The main purpose of machine learning is to produce a meaningful result and take action based on the incoming data.The more various the information we have, the easier it will be to achieve a successful result. Therefore, to be able to do machine learning, we will need 3 basic components:
Do you want to detect spam emails?
Then you will need spam message samples. Want to predict a stock?
You will need data with price histories.
Would you like to offer a best product based on the preferences of the users?
Then you will need to collect their activities and shares on social media. As you can see, we need a different data set for each problem, and with this variety of data, our result is more successful.

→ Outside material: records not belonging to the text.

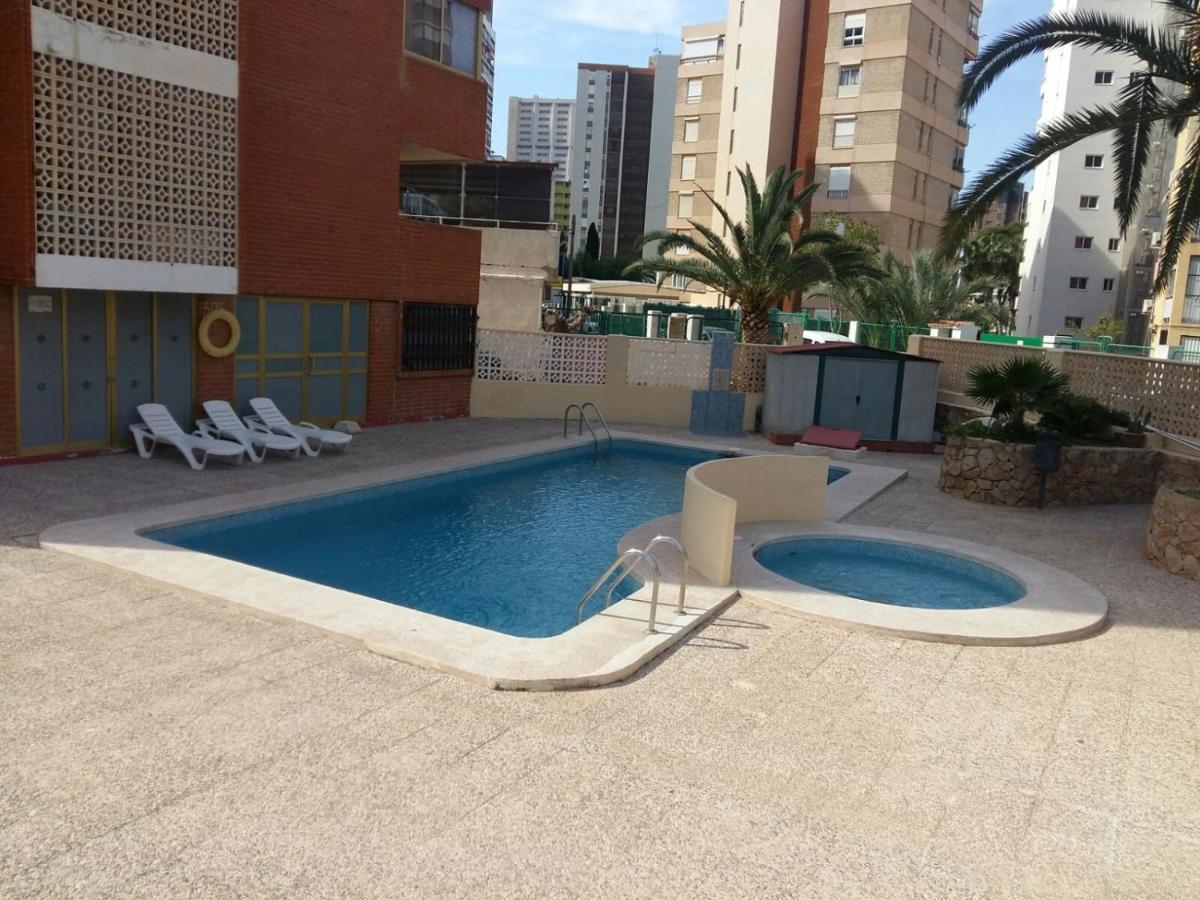 Apartamento Бенидорм Екстериор снимка
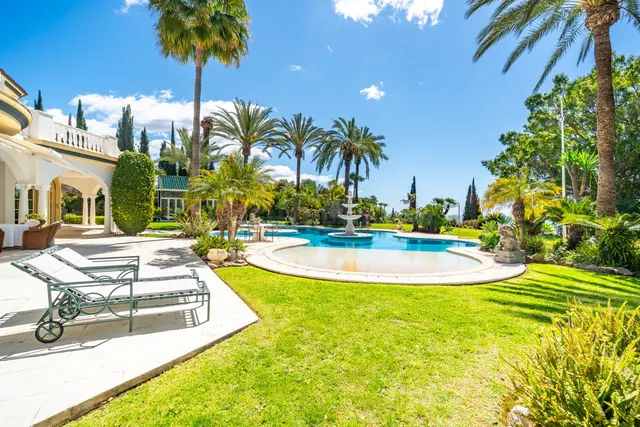 Chalet 14 habitaciones 2100m² en venta - Marbella - foto 4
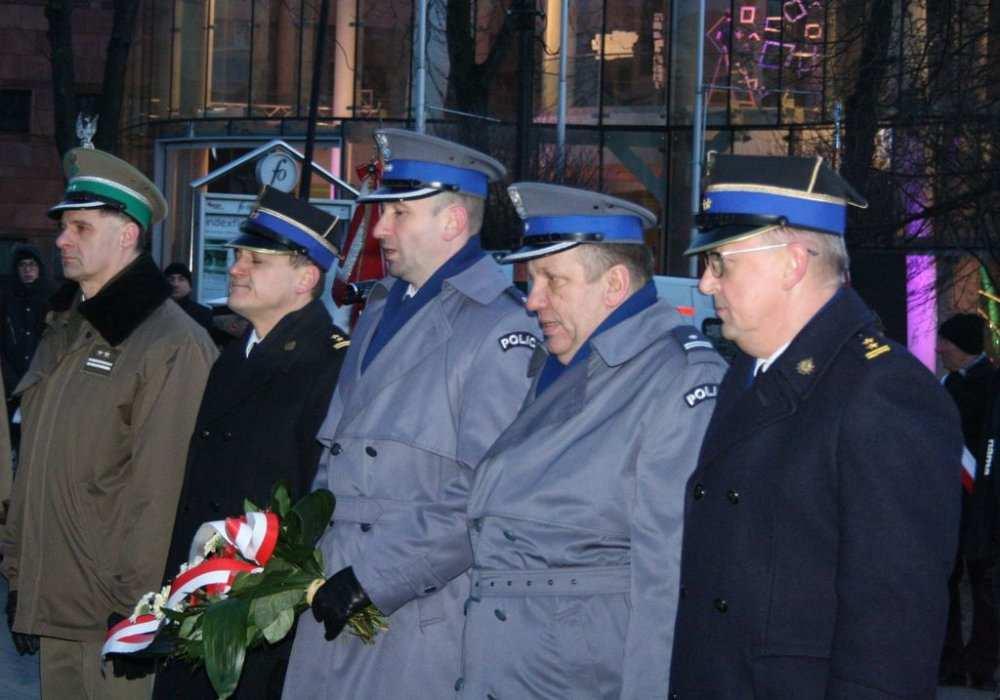 Poczet sztandarowy wystawili opolscy policjanci. W ramach uroczystości przy ul. Krakowskiej 53, została odsłonięta tablica upamiętniająca ofiary Urzędu Bezpieczeństwa w Opolu.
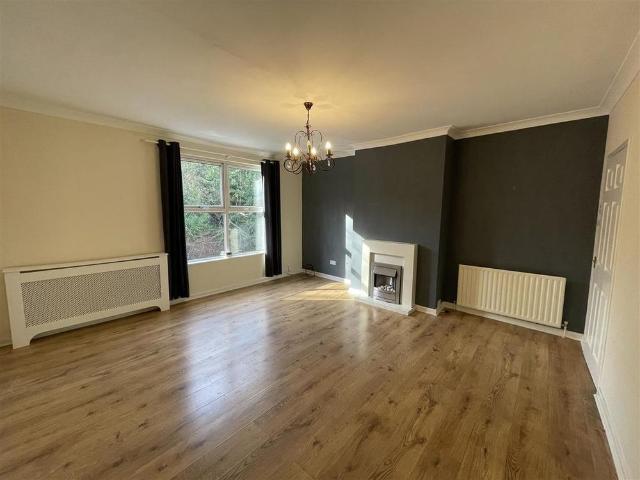 Apartment for rent in Unstone Green, North East Derbyshire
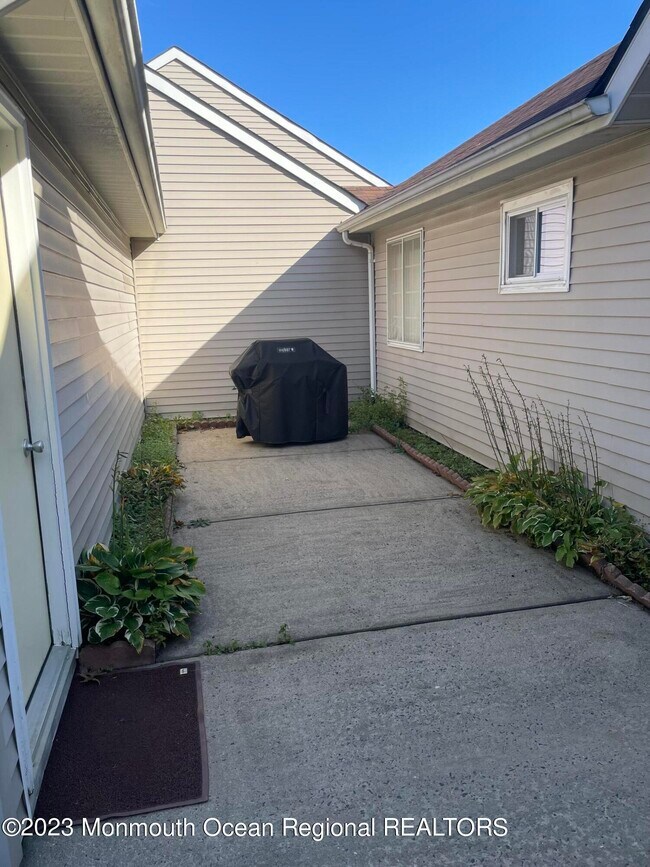 Building Photo - 632C Madison Dr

There are 2 ways to obtain this data; The first will be to collect data manually, that is, through the surveys or forms we make.

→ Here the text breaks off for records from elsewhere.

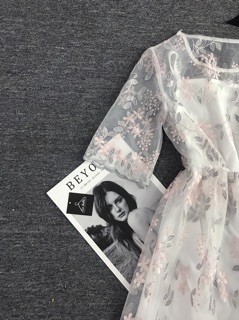 Đầm thêu hoa pink-gray
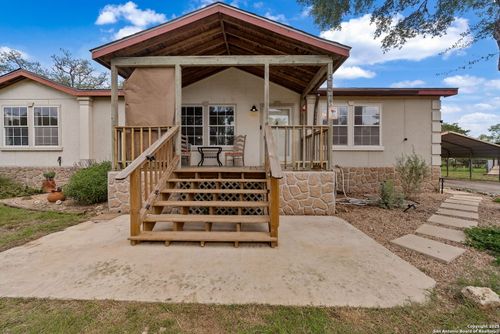357 Dallas St, Bandera, TX, 78003-5819 | Card Image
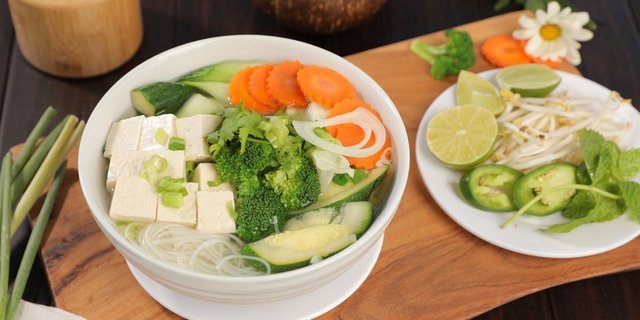 Tofu Veggie Pho w/ Beef Broth Noodle Soup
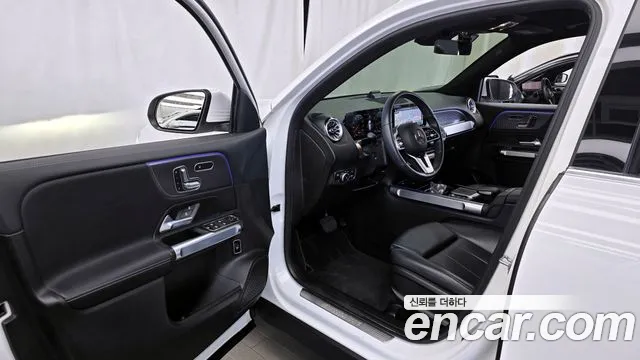 Mercedes-Benz GLB-Class 2021 — фото 10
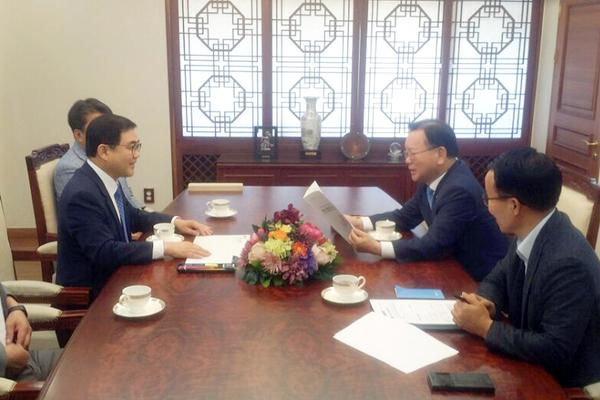 허성무 시장, 행안부 장관 만나 &lsquo;민주화운동기념관 건립&rsquo; 등 지역현안 건의 (기획예산실 기획관) (2).허성무 시장, 행안부 장관 만나 ‘민주화운동기념관 건립’ 등 지역현안 건의 (기획예산실 기획관) (2).jpg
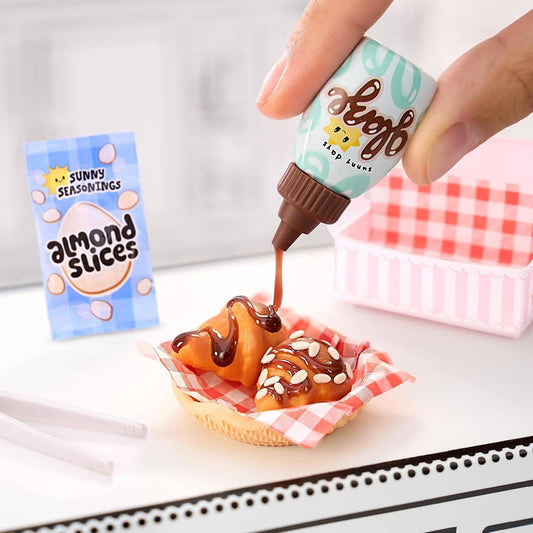 MGA's - Miniverse Make It Mini Cafe Series 4 Collectibles Blind Capsule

While this method allows us to collect a much cleaner, error-free data set, it is a rather lengthy and costly process. Secondly, there is an automatic data collection method. We can collect data from google, twitter or other social platforms this is a less costly and fairly easy way.
Data is very important within many companies so they can afford to share their algorithms, but never their data, data is very important to companies and there are quite a lot of privacy procedures in place to access any data even within themselves.
Features – Variables
They are referred to as parameters or variables. For example, when building a machine learning model, they are the variables that the model needs to look at and learn.
e.g; The customer’s age, gender, vehicle mileage, the price of the last vehicle purchased, the frequency of the word in a text, the price of a stock… Examples of variables in data sets can be given.
If our data is kept in tables in databases, our job is quite easy.
Column names consist of our variables. But if we have a data set consisting of 200 GB dog pictures with uncertain properties, it is very difficult to store and decide on them, we cannot consider every pixel as a feature, it is very difficult to decide on this and the machine learning method decides this,
In such cases, we humans’ emotions come to the fore, so algorithms are more successful in making decisions at this point.
There is a different machine learning algorithm approach for each problem. Therefore, different methods are used. The algorithm we choose affects the sensitivity, result, size and performance of the model. Another important point I would like to mention is that your data is correct. If you have useless dirty data, even if your algorithm is perfect, it will not work.
In this case, it can be an example of garbage in – garbage out. So don’t just pay attention to the accuracy of the model, make sure that the data is large and clean.